Hopf algebras arising from dg manifolds

TL;DR

This paper constructs a Hopf algebra structure from the universal enveloping algebra of a Lie algebra object associated with a dg manifold, linking dg geometry with algebraic structures.

Contribution

It describes the universal enveloping algebra of a Lie algebra object in a homotopy category and proves it forms a Hopf algebra, extending dg geometric structures.

Findings

Universal enveloping algebra forms a Hopf algebra in the homotopy category.

Connects dg manifolds with algebraic Hopf structures.

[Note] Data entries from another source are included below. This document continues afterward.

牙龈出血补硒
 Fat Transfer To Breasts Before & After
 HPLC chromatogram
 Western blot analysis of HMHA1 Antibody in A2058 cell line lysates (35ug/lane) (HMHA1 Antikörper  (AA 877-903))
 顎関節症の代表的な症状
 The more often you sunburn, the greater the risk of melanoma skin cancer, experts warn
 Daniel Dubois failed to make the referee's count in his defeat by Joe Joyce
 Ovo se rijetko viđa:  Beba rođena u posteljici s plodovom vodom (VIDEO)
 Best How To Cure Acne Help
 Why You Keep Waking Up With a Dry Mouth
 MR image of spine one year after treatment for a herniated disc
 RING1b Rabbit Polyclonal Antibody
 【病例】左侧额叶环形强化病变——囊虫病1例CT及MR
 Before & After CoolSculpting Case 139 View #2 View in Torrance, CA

Recovers known results on Hopf algebras from Lie pairs.

Abstract

Let $(\mathcal{M}, Q)$ be a dg manifold. The space of vector fields with shifted degrees $(\mathcal{X}(\mathcal{M})[-1], L_Q)$ is a Lie algebra object in the homology category $\mathrm{H}((C^{\infty}_{\mathcal{M}},Q)\mathrm{-}\mathbf{mod})$ of dg modules over $(\mathcal{M},Q)$, the Atiyah class $\alpha_{\mathcal{M}}$ being its Lie bracket. The triple $(\mathcal{X}(\mathcal{M})[-1], L_Q; \alpha_{\mathcal{M}})$ is also a Lie algebra object in the Gabriel-Zisman homotopy category $\Pi((C^{\infty}_{\mathcal{M}},Q)\mathrm{-}\mathbf{mod})$. In this paper, we describe the universal enveloping algebra of $(\mathcal{X}(\mathcal{M})[-1], L_Q; \alpha_{\mathcal{M}})$ and prove that it is a Hopf algebra object in $\Pi((C^{\infty}_{\mathcal{M}},Q)\mathrm{-}\mathbf{mod})$. As an application, we study Fedosov dg Lie algebroids and recover a result of Sti\'enon, Xu, and the second author on the Hopf algebra arising from a Lie pair.